“I don’t quite know what to say. I’m a 21 year old gay student at Wesleyan University. I have no affinity for President Bush. I have little respect for him. I knew, on an intellectual level, that he might eventually support this amendment. But to hear him say it aloud – I wasn’t prepared for the emotional response I would have … this is truly, truly devastating. Truly devastating.”
“While it may mean little in the face of the hatred and discrimination expressed by our nation’s leader today, I want you to know you have my wholehearted support. How can it be that two people expressing their love for each other and asking society to recognize that love be a bad thing? How can a couple choosing to spend their life together in a bond of love possibly harm our society? It is beyond my apparently meager comprehension to anticipate the consequences that allowing gay marriage will bear. All I can anticipate is love and acceptance.

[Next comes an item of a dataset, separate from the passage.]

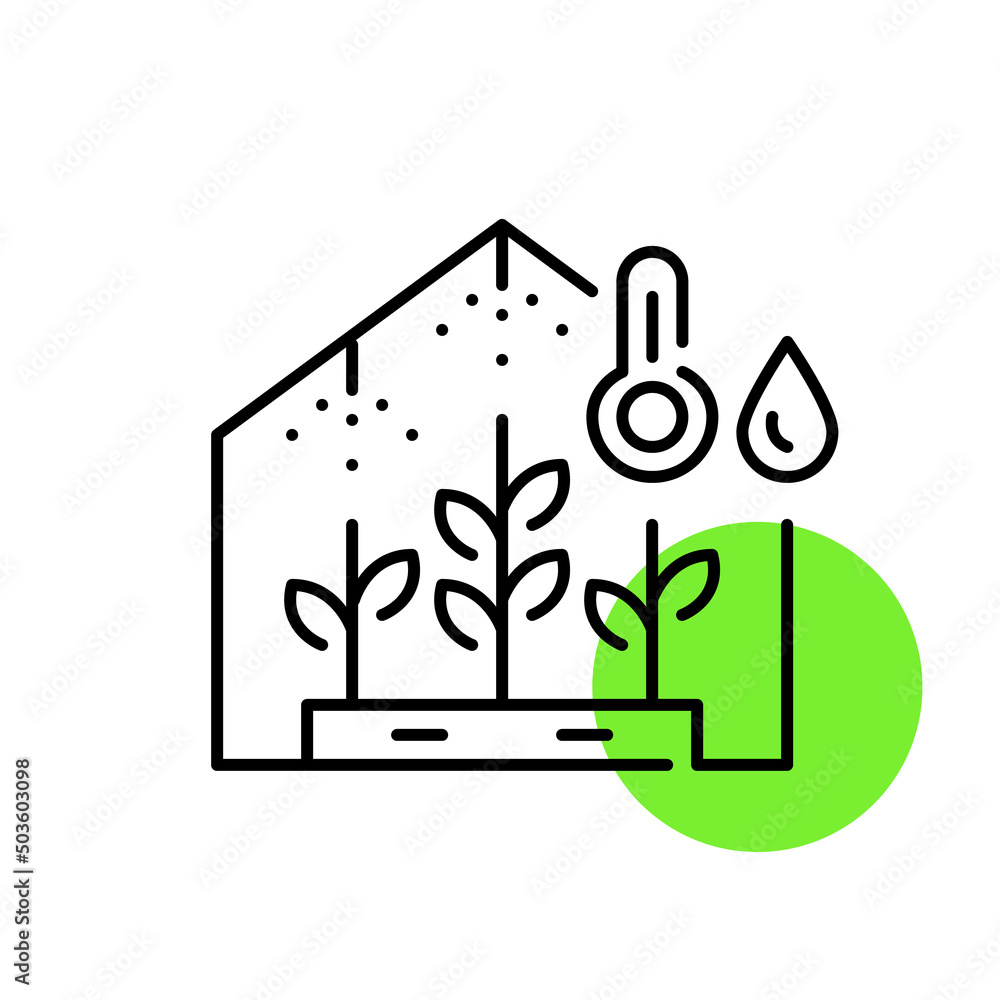 Poster smart farming greenhouse using automatic temperature and humidity control methods. pixel perfect, ed
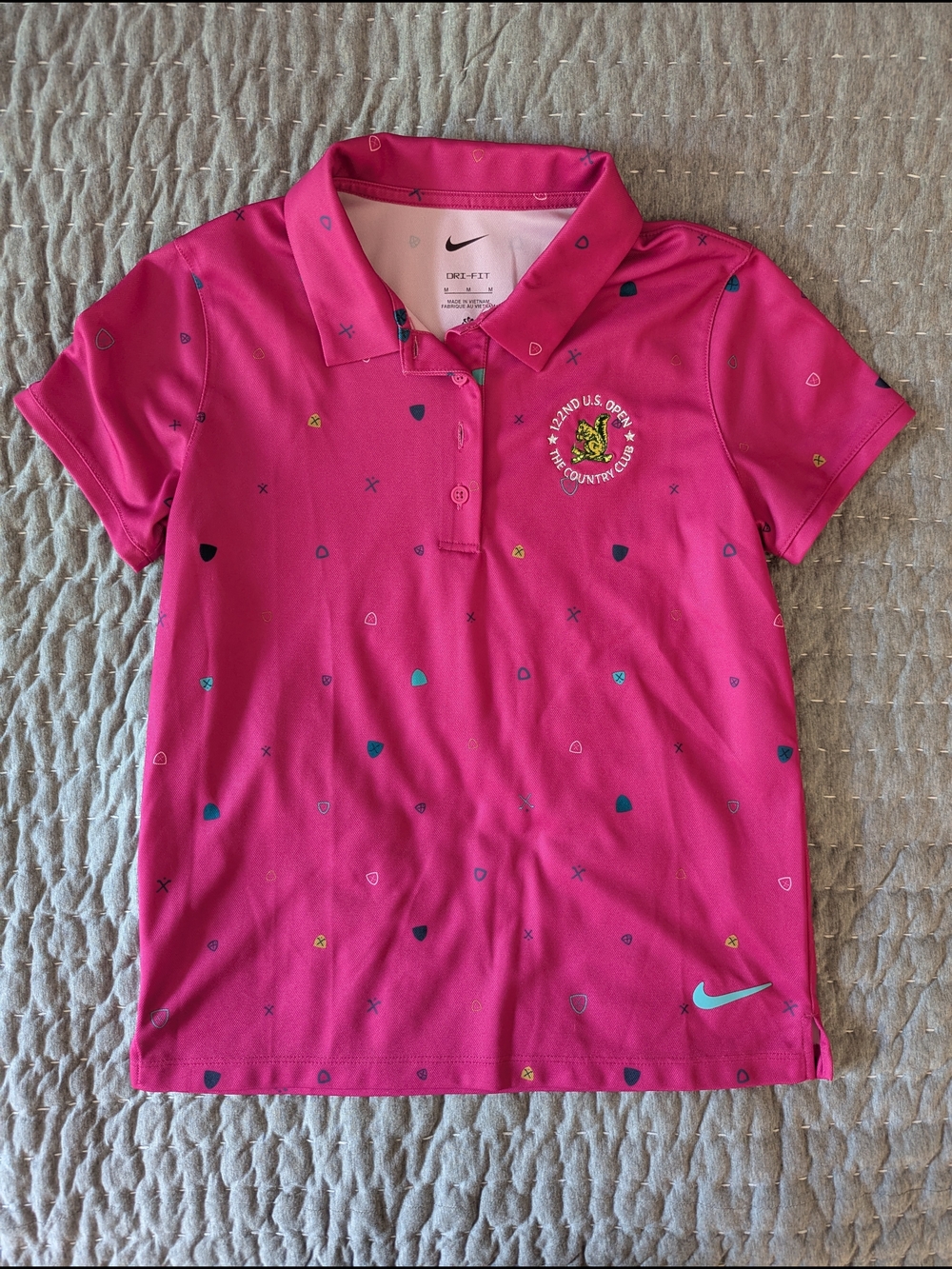 Nike Girls Dri-FIT Tennis Polo Pink 122nd US Open Golf Shirt Size M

It shouldn’t be an important fact, but I am straight. One of my close friends is gay. I’ve watched him experience heartbreak, hope and love over the last few years. His emotions are no less real than mine. His love is given as truly as mine is. Why should we not recognize this? And how dare we amend a document that gives hope and freedom to the world to deny hope and freedom to a group of our own citizens?

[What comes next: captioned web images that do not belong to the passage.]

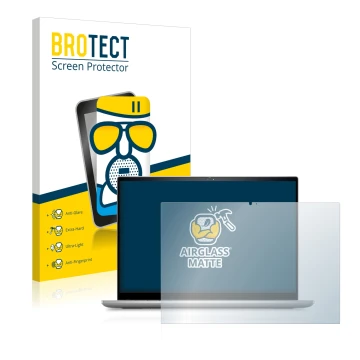Face avant d’un emballage produit avec le logo de la marque BROTECT. À côté, l’appareil Dell Inspiron 14 7420 2-in-1 est repré
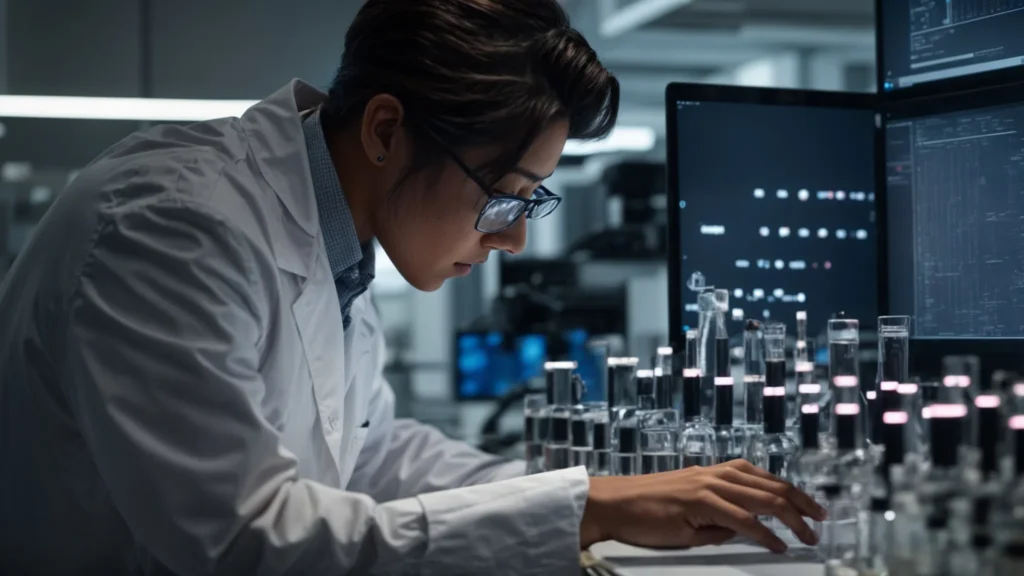a researcher intently studies complex chemical structures on a computer screen in a modern laboratory.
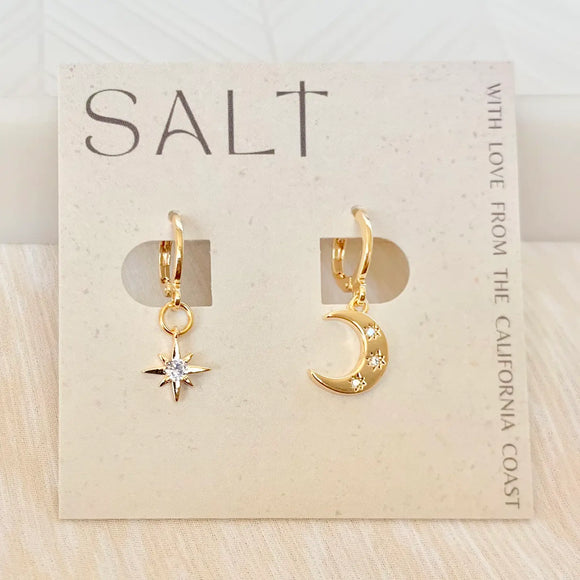 Star & Moon Huggie Hoops | Gold | Celestial Charm Earrings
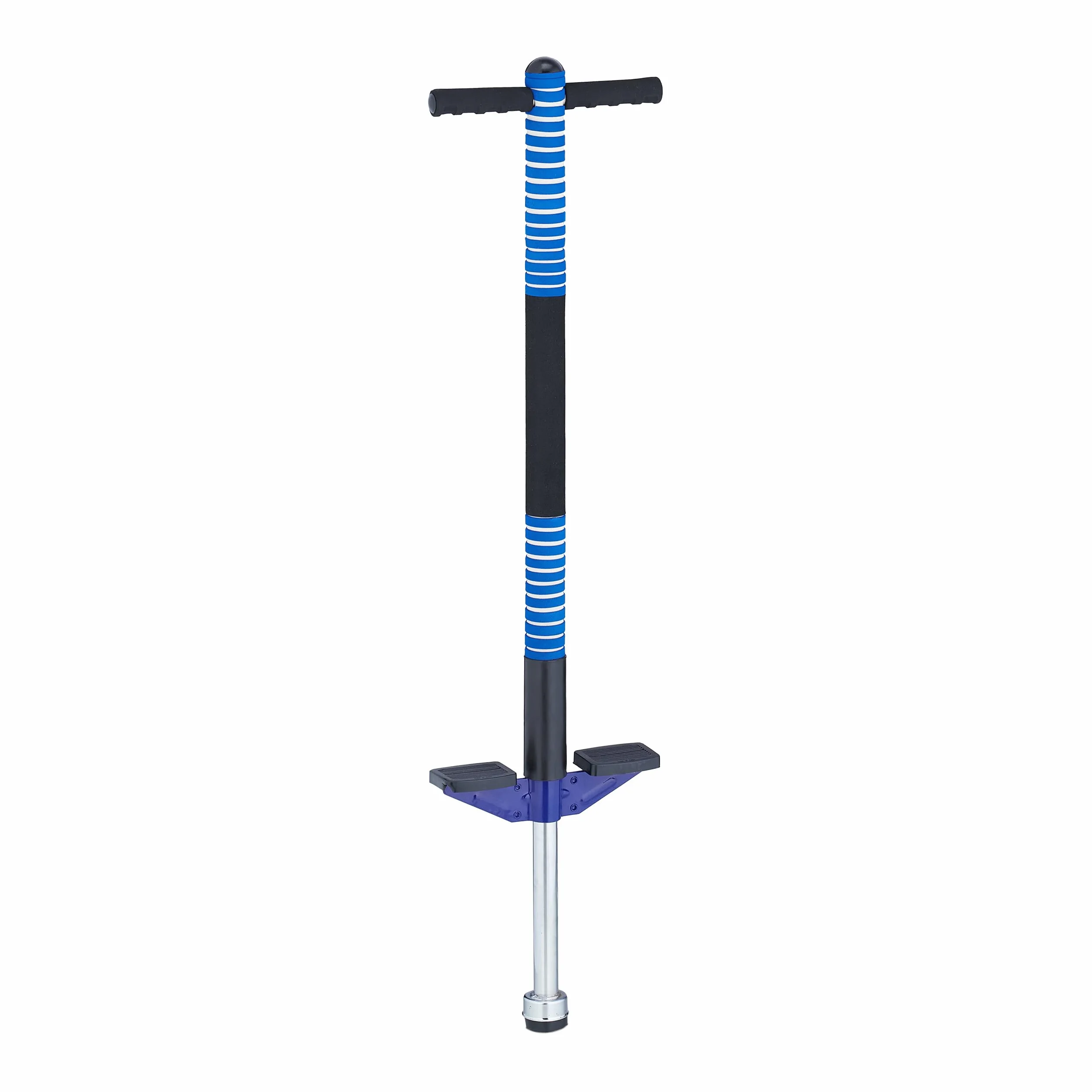 Relaxdays Kij pogo, dla dzieci, skakanka do 35 kg, wyściełana, do użytku na zewnątrz, antypoślizgowa, stal nierdzewna, niebieska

It offends me as a straight man, as an American citizen, but more importantly as a human being who believes that each one of us deserves equal dignity, that our president seeks to cloak a beacon of liberty with a veil of intolerance and discrimination. I only wish that President Bush would have turned to the words of a great Republican president and heeded the better angels of his nature to oppose this amendment. It saddens me that his actions do not come as a surprise.”

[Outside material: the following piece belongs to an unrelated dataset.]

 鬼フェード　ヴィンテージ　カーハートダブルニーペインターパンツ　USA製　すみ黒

“What a strange juxtaposition, almost surreal. Today we get “The Passion of Christ” delivered. A bloody, gory, historically inaccurate film sure to stoke religious fundamentalism in America, ironically the same folks who refuse to accept modern science and any notion that homosexuality is anything but a behavioral choice. We get Bush calling for a Constitutional amendment to “protect” marriage. It does not outlaw no-fault divorce, or cheap 5 minute weddings performed by Elvis in Las Vegas. Instead it is a cheap political exploitation, but unlike most others (from both sides of the isle) would attempt to enshrine in the Constitution religious fundamentalism. And finally, we get two new Al Qaeda tapes. How ironic that those fundamentalists in the Arab world may have a more positive view of America because its President will now push to permanently stigmatize gays as inferior and not worthy of full citizenry? Those who really believe in the ideals of this country must now speak up.”
“Islamists want to keep human understanding and progress trapped in the 8th Century. Keeping it trapped in the 20th is surely just as awful. History will not look kindly on George W. Bush, even if his foreign policy ends up being what saves the future. We will take that for granted. But future generations will look back and see how he demanded the Constitution’s alteration to discriminate against a minority group. This is what he will be remembered for. This will be his legacy.”